The Sarkozy opposition to burqas sends a mix of smart and dumb signals to citizens of France and the world.
Sarkozy has the full right to say, 'This is France and these are our ways and customs; if our ways are offensive to you and you consider us barbaric and immoral, then perhaps you should leave.' Indeed, he and and many other European leaders should more clearly mark out what the cultural boundaries and expectations are for those who seek to immigrate. I've argued elsewhere that this is not oppression of newcomers; this is a Golden Rule for how reasonable societies operate. (As a second-generation Pakistani-American I've long felt that if immigrants descend upon a supposedly morally corrupt culture mainly due to economic opportunities, they are guilty of a certain prostitution -- in which case their immortal soul has more urgent things to fret about than anyone else's supposed moral decay.)
And yet... We all are aware of the power of reverse psychology. Burqas are by all indications uncommon in France, even among Muslims -- but when you ban something, you can make it more popular, by tapping into people's "inner subversive." I've heard enough Muslim women insist that their "modest" clothing doesn't constitute oppression by men as much as it constitutes protection from men's libidos. A formal ban would convince many of them that the real oppressor is the supposedly freedom-loving West that refuses them the freedom to wear materials associated with their heritage.

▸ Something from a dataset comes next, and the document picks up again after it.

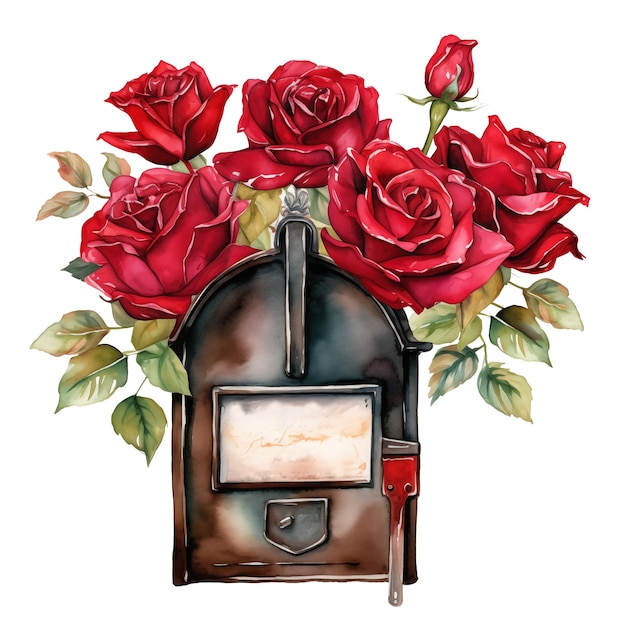 Illustration à l'aquarelle d'une boîte aux lettres retro vintage entourée de roses rouges en fleurs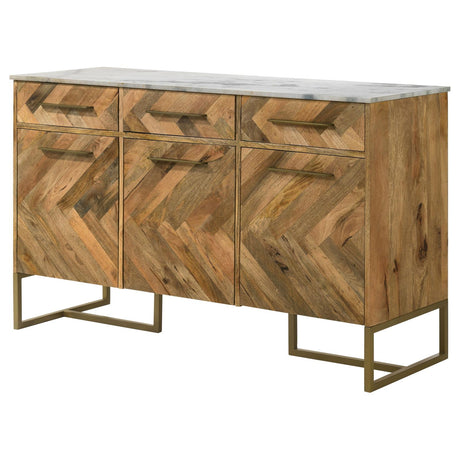 Keaton Natural and Antique Gold 3-Door Accent Cabinet with Marble Top from Coaster - Luna Furniture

Let's have no-holds-barred discussions about what it means to wear a burqa. Let's hear moderate Muslim women tell burqa-clad women about how they think the burqa is a silly relic and a misunderstanding of Islamic intent, which can encourage the burqa-bound far more than government ordinances. France and the rest of Europe don't need more bans, they need to place a spotlight on potentially incompatible traditions in a manner consistent with the best and freest traditions of the West.